Armed with a Gatling gun and his gun-slinging kin, Leland robs the town’s bank one night, hopelessly outnumbering Valentine.
Just as pic builds up steam, it shifts forward to 1908 and the Arizona border town of Dunfries, where a government agent with a bad tooth (Bud Cort) tries to interview prison convict Nogales (Joe Unger) about Valentine, who appears to have died in Cuba during the Spanish-American War.
Even this most basic chain in the narrative is played out for awkward comedy and grizzled genre excess, in the apparent hope of mimicking Sergio Leone’s hard-bitten absurdism.
Further muddying the waters is the entrance of actress Adalyne (Bridget Fonda) on the arm of the mysterious Brigadier Smalls (Billy Bob Thornton). While Adalyne’s needs are simple — pick up her deaf daughter from Uncle Angus (Bo Hopkins) — Smalls is a human puzzle, oddly implying in one of the script’s numerous overwritten passages, that he, like Valentine, may actually be dead.
As director, Yoakam means to serve up visual contrasts between Valentine and Adalyne’s blossoming romance and a series of escalating, vicious killings. But there’s no grace to the interplay of images and emotions. At every step, the filmmakers seem unable to pull off an exaggerated horse opera, and they never know when to pull the plug on scenes that are going nowhere.
If Yoakam’s slightly zombified expressions are meant to indicate that Valentine is dead (like Lee Marvin’s Walker in “Point Blank”), who cares? The singing star is still learning how to act, despite a promising turn in Thornton’s “Sling Blade.”
He surrounds himself with thesps galore here, but doesn’t know what to do with them.

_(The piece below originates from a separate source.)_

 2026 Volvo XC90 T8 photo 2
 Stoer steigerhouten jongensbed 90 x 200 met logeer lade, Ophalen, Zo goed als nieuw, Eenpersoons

The result is overacting worthy of a rickety traveling show, from Reubens and Vaughn (whose bad-guy act is growing tired) to Michael Jeter, Hopkins and Cort, all of whom are reduced to protracted bouts of yelping and screaming.
Fonda’s subdued, shaded manner seems to have appeared from a different movie, and it’s fun to see her interact with real-life beau Yoakam and father Peter, who briefly appears as a Buffalo Bill type. Thornton, decked out in a goofy long blond wig and delivering his ridiculous lines in purest deadpan, shows every sign of doing the part as a favor for pal Yoakam.
James Glennon’s ‘Scope lensing overworks the color desaturation to the point where pic’s look is dusty-dull. Because the film’s more mystical and symbolic angles are so out of focus, it is never clear whether the fake look of the semi-deserted Western town sets is intentional or a matter of budget.